Exercise objective:
Each line in the records below, from the one that contains "A vertical selective" to the one that contains "White 6-Inch Seamless", should be reproduced exactly, the first and last included.

Extracted information:
----

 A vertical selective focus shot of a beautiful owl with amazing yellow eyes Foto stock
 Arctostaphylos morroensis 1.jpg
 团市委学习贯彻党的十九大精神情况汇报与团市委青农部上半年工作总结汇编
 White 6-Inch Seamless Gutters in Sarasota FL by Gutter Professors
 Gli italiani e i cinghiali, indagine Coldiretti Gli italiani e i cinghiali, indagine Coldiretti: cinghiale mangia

----

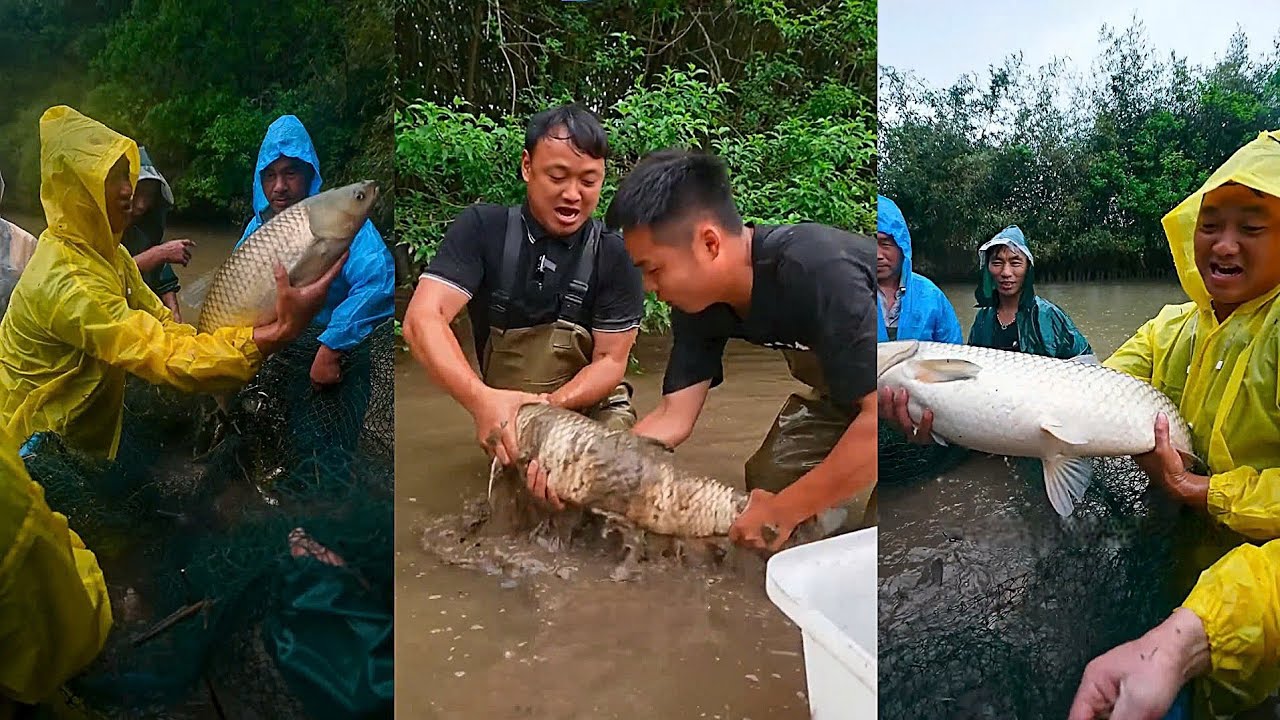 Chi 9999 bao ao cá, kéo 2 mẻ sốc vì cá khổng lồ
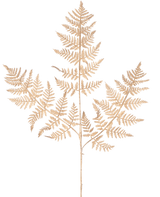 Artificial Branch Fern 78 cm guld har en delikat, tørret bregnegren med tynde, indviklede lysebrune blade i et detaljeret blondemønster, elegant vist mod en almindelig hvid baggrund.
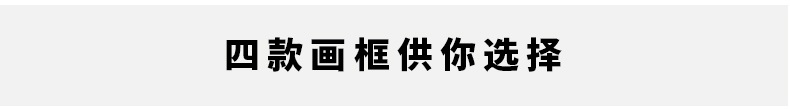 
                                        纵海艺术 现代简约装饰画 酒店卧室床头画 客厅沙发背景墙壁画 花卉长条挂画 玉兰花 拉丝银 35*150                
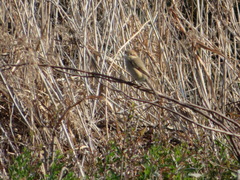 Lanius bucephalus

----

Task result:
 A vertical selective focus shot of a beautiful owl with amazing yellow eyes Foto stock
 Arctostaphylos morroensis 1.jpg
 团市委学习贯彻党的十九大精神情况汇报与团市委青农部上半年工作总结汇编
 White 6-Inch Seamless Gutters in Sarasota FL by Gutter Professors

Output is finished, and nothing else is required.